The company is at least temporarily scaling back its ambitions, with a 2014 exploration plan that focuses solely on its potentially more lucrative leases in the Chukchi Sea. It also has acreage in the neighboring Beaufort Sea.

The plan filed with the Bureau of Ocean Energy Management envisions that Shell would use the contracted drillship Noble Discoverer to bore several wells in the Chukchi Sea coming years. Shell and the bureau confirmed that the company filed a revised Chukchi exploration plan with the agency’s Alaska office.

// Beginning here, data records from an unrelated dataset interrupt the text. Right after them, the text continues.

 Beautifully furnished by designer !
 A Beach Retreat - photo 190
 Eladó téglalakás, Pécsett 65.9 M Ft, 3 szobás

There are still many steps before Shell’s drill bits could begin burrowing into the Arctic seabed again, following a 2012 season that was marked by high-profile mishaps, including the grounding of its conical drilling unit, the Kulluk, on Dec. 31 last year.

Even Shell isn’t sure it will be drilling. In a statement Wednesday, the company noted it filed the plan “to keep the company’s 2014 exploration options viable.”

“We will continue to take a methodical approach to this exploration phase and will only proceed if the program meets the conditions necessary to proceed safely and responsibly,” Shell spokesman Curtis Smith said.

Fundamentally, Shell will have to convince federal regulators it is up to the task, after the Interior Department in March issued a report questioning whether the company had the “ability to operate safely and responsibly in the challenging and unpredictable conditions” off the coast of Alaska.

Shell would have to win federal approval for its oil spill response plan and its drilling blueprint, which is subject to environmental reviews and public comment. Shell also would have to secure drilling permits for individual wells from the Bureau of Safety and Environmental Enforcement.

And regulators would have to go along with Shell’s likely plan to use a new vessel, Transocean’s semisubmersible drilling unit Polar Pioneer, as a backup rig ready to bore a relief well in case of an emergency. Shell officials aim to eventually put the 29-year-old Polar Pioneer to use in the neighboring Beaufort Sea and are on track to scrap its damaged Kulluk, taking a potential $200 million hit in the process.

One major step — securing air pollution permits to govern the work — is expected be much easier for Shell this year. Although the Environmental Protection Agency previously oversaw Clean Air permitting in the Arctic, Congress has shifted that responsibility to the Interior Department, over the objections of environmentalists who said that could weaken the process.